Much ado about a hue. Over the past year, Pantone encouraged us to reconnect with nature and once another through the promotion of Greenery, the fresh yellow-green color of 2017. It’s now time to take our personal and business potentials to a whole other level, as inspired by Ultra Violet, PANTONE 18-3838, which is the 2018 Color of the Year.

Now technically, Ultra Violet isn’t a shade of purple as the Pantone color square suggests. In fact, Ultra Violet is a spectrum of light waves that can’t be detected by the human eye in natural circumstances. But that’s kind of the point. Pantone purposefully selected this color to encourage inventiveness and imagination.

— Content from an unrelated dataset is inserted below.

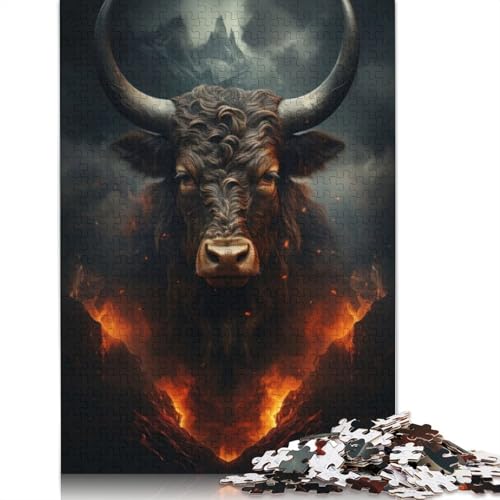 Bull Puzzle 1000 Teile Schwer Puzzle Spielzeug Lernspiel Impossible Herausforderungsspielzeug Für Erwachsene Und Kinder Ab 12 Jahren 1000pcs (75x50cm) von QBIREX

The color purple has long represented individuality and artistic expression. Think Prince, David Bowie and Jimi Hendrix. When Ultra Violet was dubbed the iconic color of 2018, this symbolism was not overlooked. They are using Ultra Violet, a blue-based purple, to encourage individuals – and companies – to push boundaries and blaze their own trail.

Ultra Violet can have mystical and spiritual undertones, too. It’s been associated with mindfulness practices such as meditation, which can be a way to detach from today’s non-stop, information overloaded environment.

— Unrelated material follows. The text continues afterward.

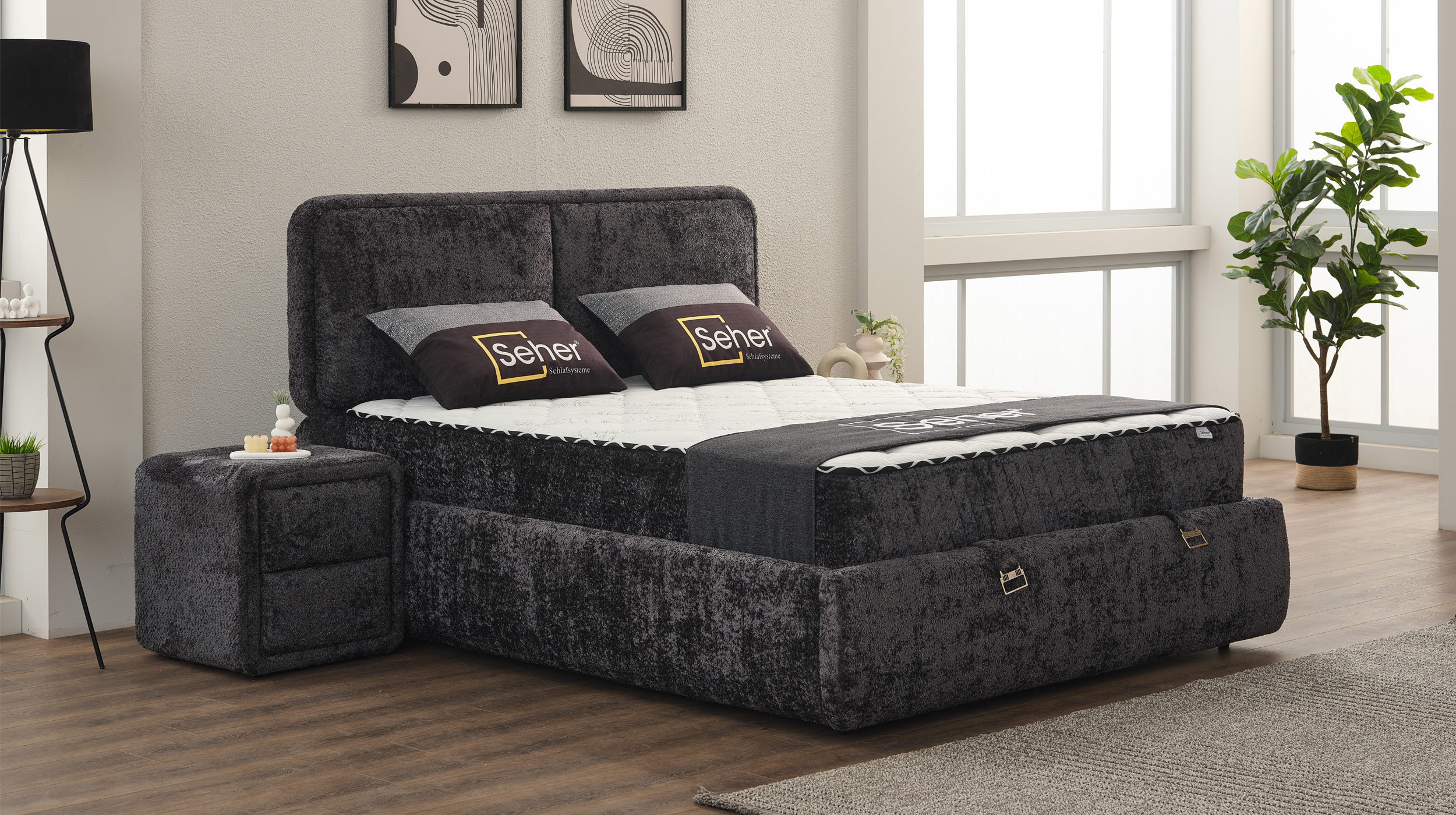Boxbett 180 x 200 cm Chenille anthrazit Bettkasten - RHODOS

As a reflection of this new Color of the Year, we will likely see bright nail polishes, funky home décor, and vibrant fashion bring Ultra Violet into the marketplace. However, while material goods and designer’s color schemes are splashed with this dramatic shade of purple, Pantone encourages brands to use this color to inspire consumers to push for a better, and brighter future.

“The Pantone Color of the Year has come to mean so much more than ‘what’s trending’ in the world of design; it’s truly a reflection of what’s needed in our world today,” said Laurie Pressman, vice president of the Pantone Color Institute.